CUDA Programming/BenchmarkingTools
Benchmarking is a process, involves a set of software tools, to measure the relative performance of an object by running a number of standard tests and trials against it.[0] One of the common properties of these programs, which are written with different APIs such as OpenCL and CUDA and which are expected to run on different architectures, is the execution time. However, the execution time of a program is not definitive because it contains the time for code initialization, memory allocation etc. We are only interested in the time required for the GPU, or the CPU, to carry out the calculations. Moreover, for programs that run on the GPU, there are other common metrics such as kernel metrics.

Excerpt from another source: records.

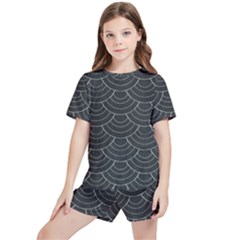 Black Sashiko Ornament Kids  Tee And Sports Shorts Set by goljakoff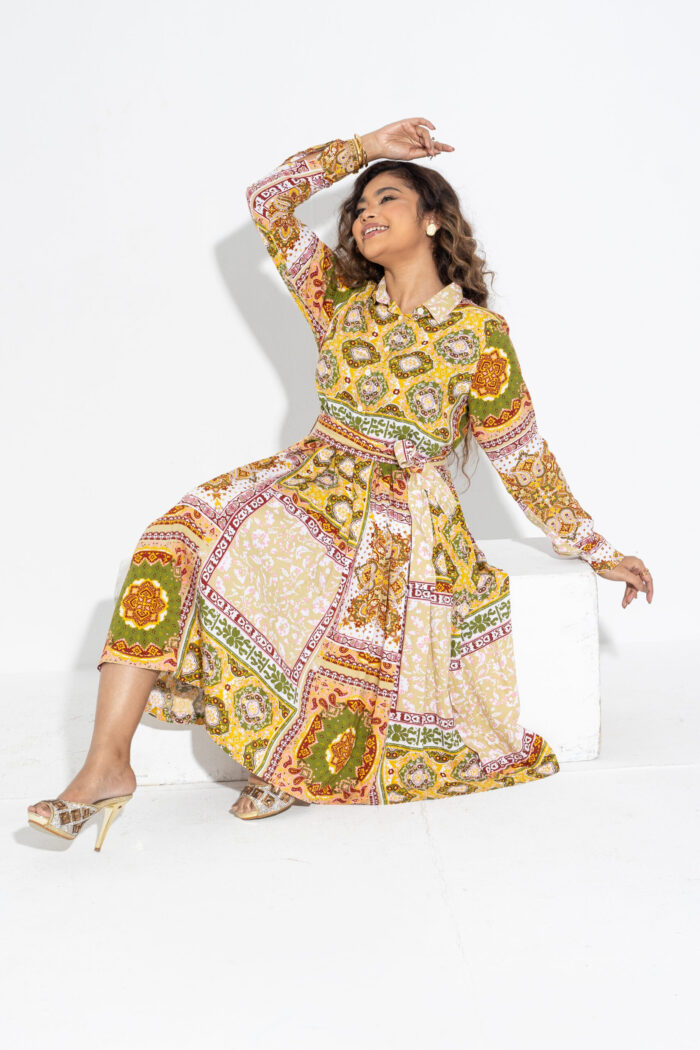 1950's(Long Sleeve)Pleated Box -Full Shirt Dress with Belt - Image 5
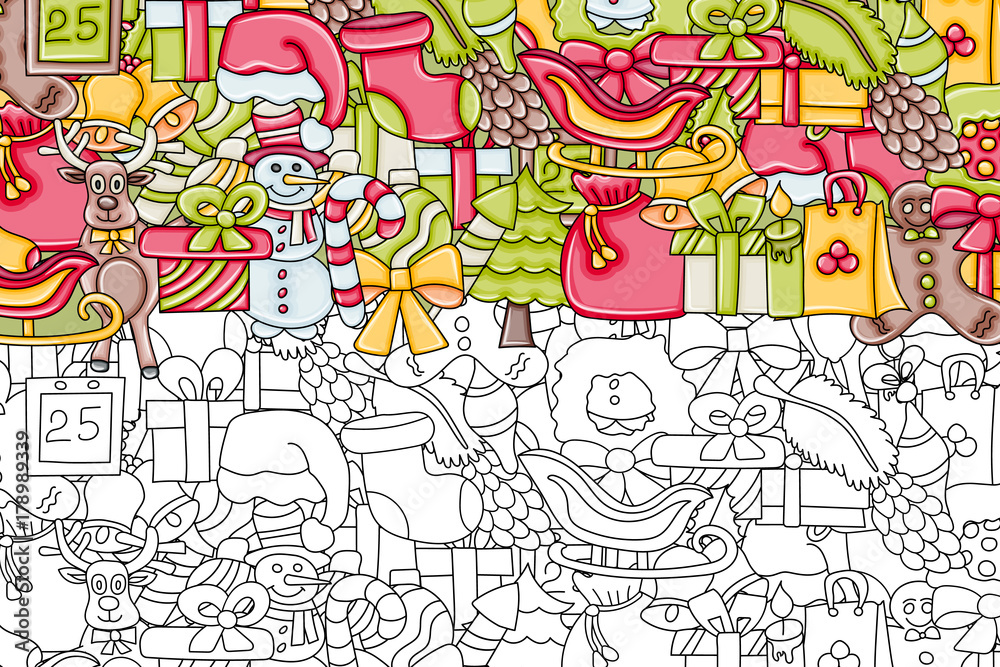 Christmas background. Black and white outlined coloring page. For a greeting card, flyer, or brochure. Hand drawn cartoon style doodle vector illustration.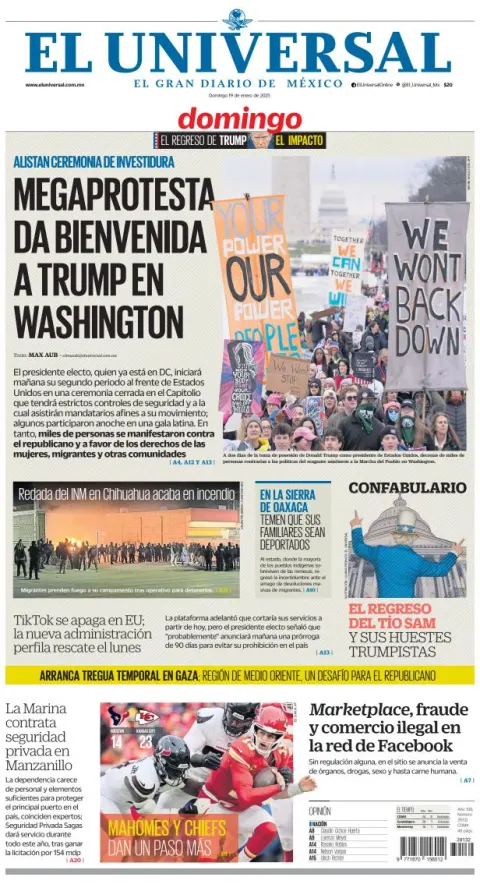 Portada de El Universal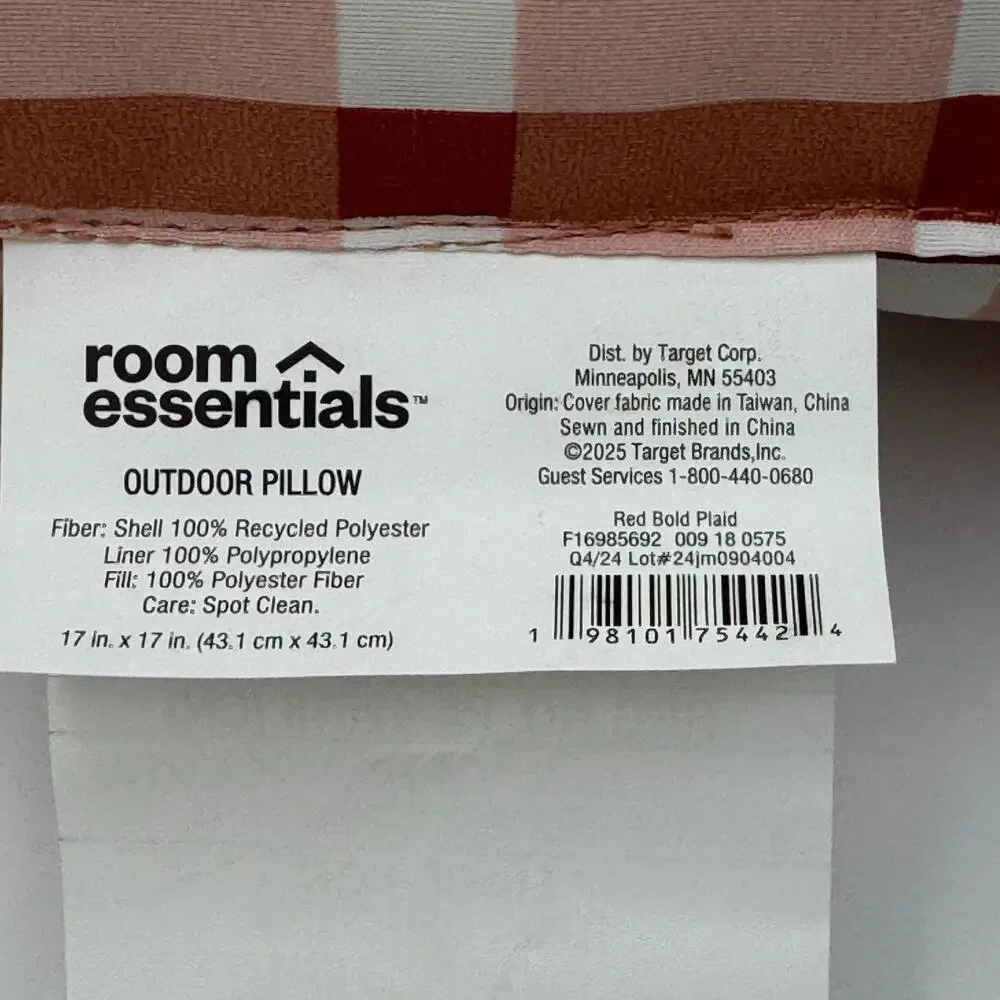 Room Essentials Outdoor Throw Pillow Red Bold Plaid‎ 17x17 Patio Cushion Decor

For these reasons, we used two benchmarking tools:
Benchmarking Tools
Simple Stopwatch
This is a simple stopwatch implementation written in C. It uses the following structure:
typedef struct stopwatch_s{double start;double stop;double time_elapsed;} stopwatch_t;
and defines the following following methods:
void start_stopwatch(stopwatch_t *);void stop_stopwatch(stopwatch_t *);
It allows us to measure the spent on the specific parts of the code.
Nvidia Compute Visual Profiler
This is a cross-platform profiling tool that has the following, and not limited to, features: [1]
- Create a profile based on:
- Kernel occupancy
- Instruction throughput
- Memory access characteristics
- Generate charts and graphs based on results
- Compare results across multiple sessions